__TASK OBJECTIVE__: Transcribe every record as it stands and set the images aside.

==*==

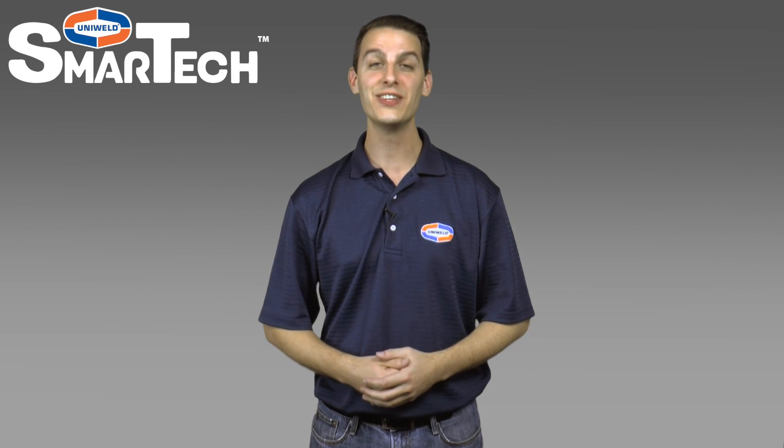Hi, Matt here with Uniweld Products. In this video I'm going to show how to quickly set up the Smartech Digital Manifold. Let's get started.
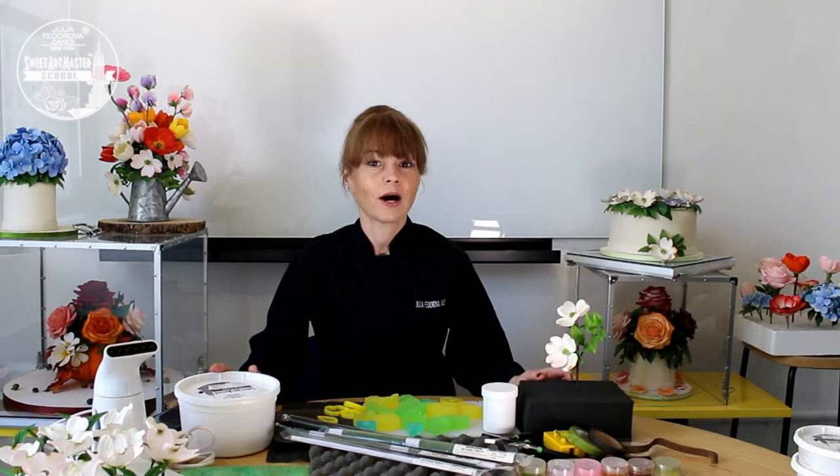Hi everyone, I'm Julia Fedorová from Julia Fedorová Cakes, New York. I'm so happy to see you today. Today I'm teaching you how to make this amazing botanically correct dogwood.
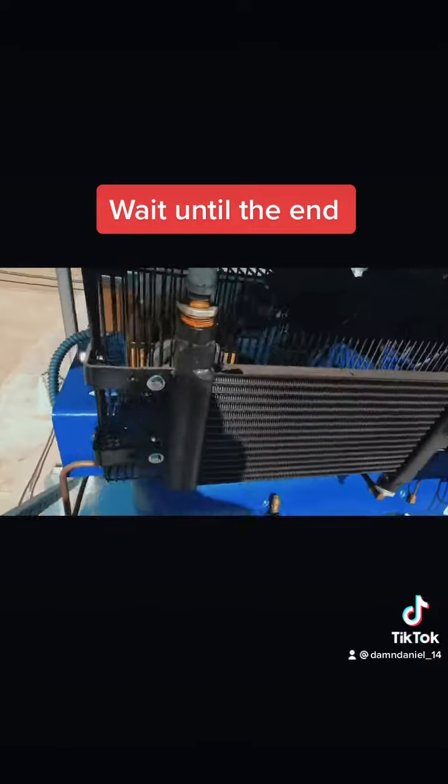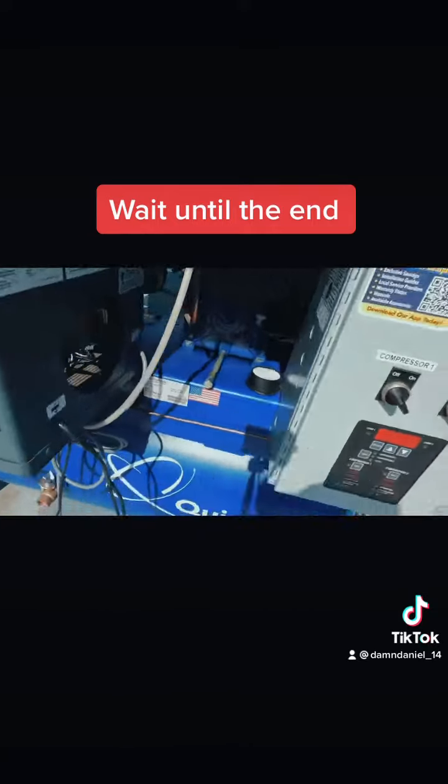There's a technician that's gonna be here tomorrow because this is a warranty issue. There's an oil leak there and the air dryer is back.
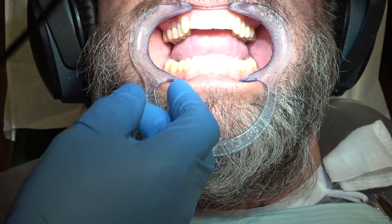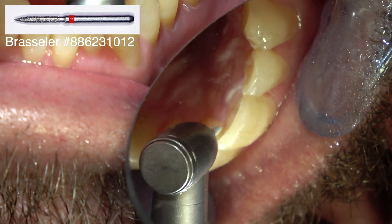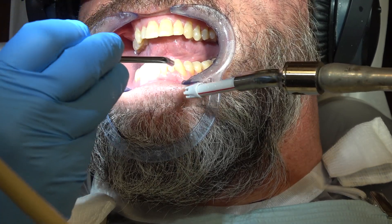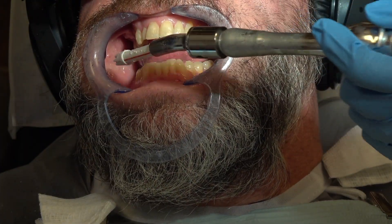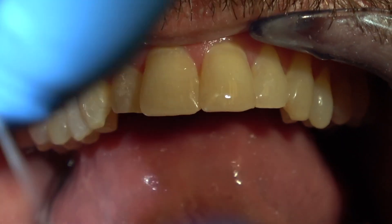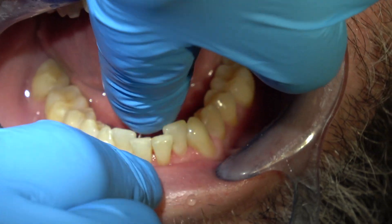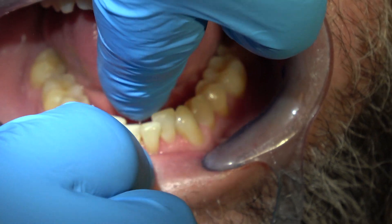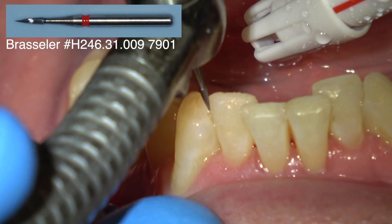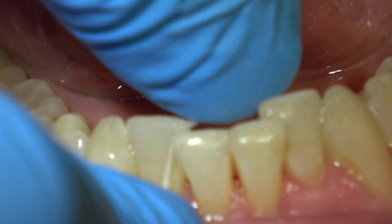I'm going to stand up and look at this from the front — it just evens things up. The teeth are not all the same length, but you don't have that broken look. Dry it off so you can see where the composite ends and the tooth begins. Let's check the interproximal — this is unwaxed floss. You have a little tightness in a contact, so this is just a 12-fluted carbide bur to remove a little composite from that contact.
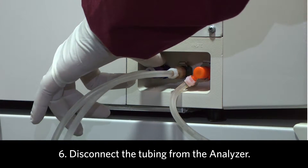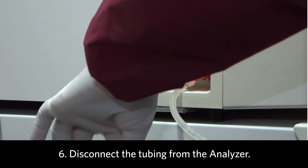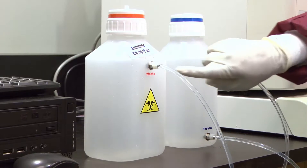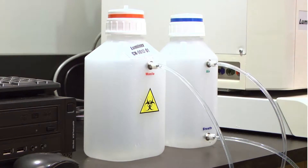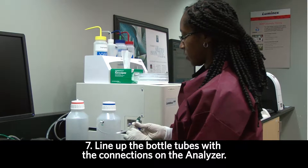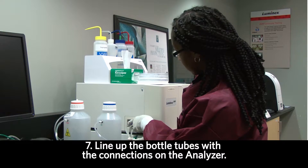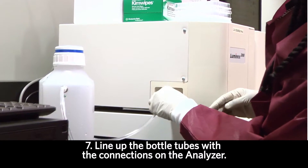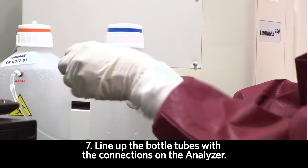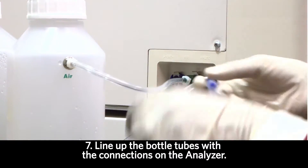Next, disconnect the tubing from the analyzer. There's a sheath waste bottle and a sheath bottle with the air connector and the sheath connector. Make sure to line up the tubing from the bottles to the wording and the connections on the analyzer. Make sure to add water, waste, air, and sheath.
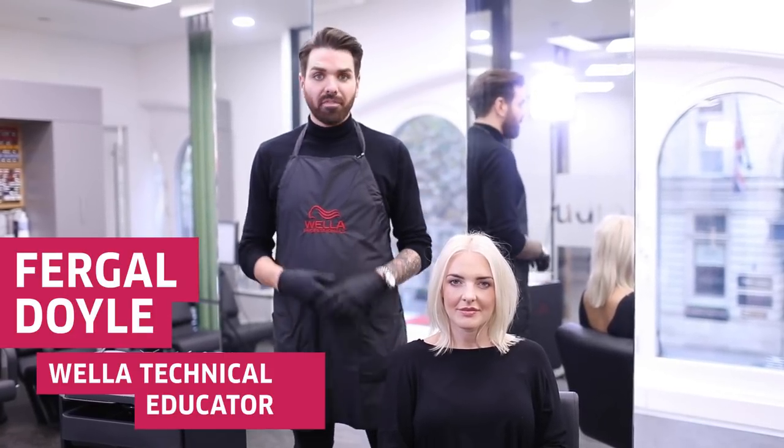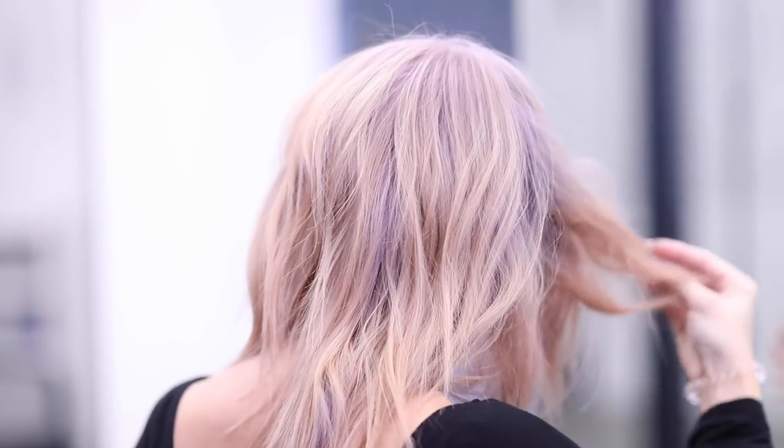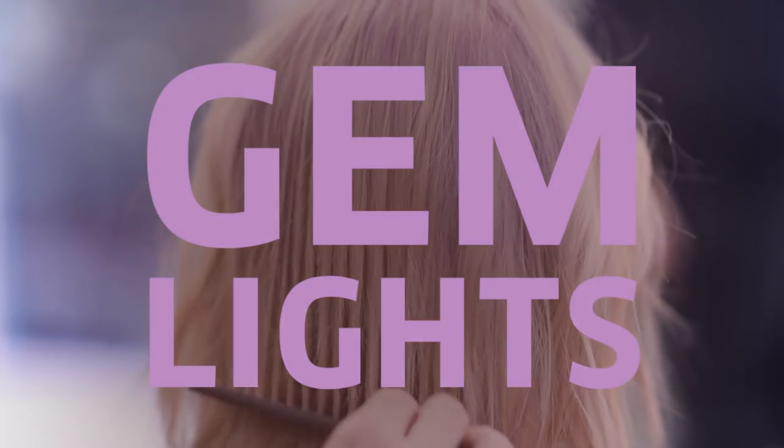Hi, my name is Fergal and I'm a Technical Educator here at Wella Professionals. Today I'm going to take you through the new shades in Opalescence from Illumina Colour to create a beautiful Gem Lights technique on Hannah's hair.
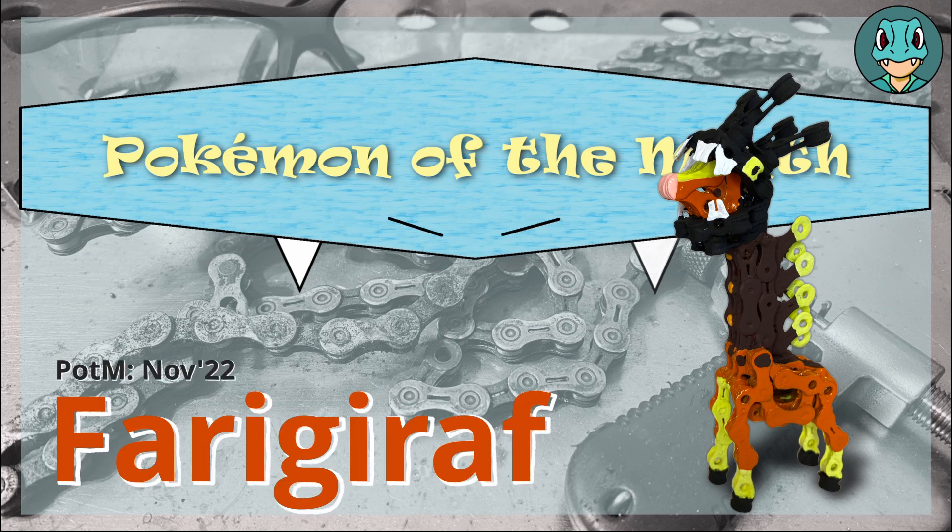Pokemon of the Month, Farigiraf! What's going on? I'm PokeWelder Zach, aka Mr. Zoto. This is my workshop, and today we're making Farigiraf, the evolution of Girafferig. With all that, let's get on to the build.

==*==

__EXERCISE RESULT__:
Hi, Matt here with Uniweld Products. In this video I'm going to show how to quickly set up the Smartech Digital Manifold. Let's get started.
Hi everyone, I'm Julia Fedorová from Julia Fedorová Cakes, New York. I'm so happy to see you today. Today I'm teaching you how to make this amazing botanically correct dogwood.
There's a technician that's gonna be here tomorrow because this is a warranty issue. There's an oil leak there and the air dryer is back.
I'm going to stand up and look at this from the front — it just evens things up. The teeth are not all the same length, but you don't have that broken look. Dry it off so you can see where the composite ends and the tooth begins. Let's check the interproximal — this is unwaxed floss. You have a little tightness in a contact, so this is just a 12-fluted carbide bur to remove a little composite from that contact.
Next, disconnect the tubing from the analyzer. There's a sheath waste bottle and a sheath bottle with the air connector and the sheath connector. Make sure to line up the tubing from the bottles to the wording and the connections on the analyzer. Make sure to add water, waste, air, and sheath.
Hi, my name is Fergal and I'm a Technical Educator here at Wella Professionals. Today I'm going to take you through the new shades in Opalescence from Illumina Colour to create a beautiful Gem Lights technique on Hannah's hair.
Pokemon of the Month, Farigiraf! What's going on? I'm PokeWelder Zach, aka Mr. Zoto. This is my workshop, and today we're making Farigiraf, the evolution of Girafferig. With all that, let's get on to the build.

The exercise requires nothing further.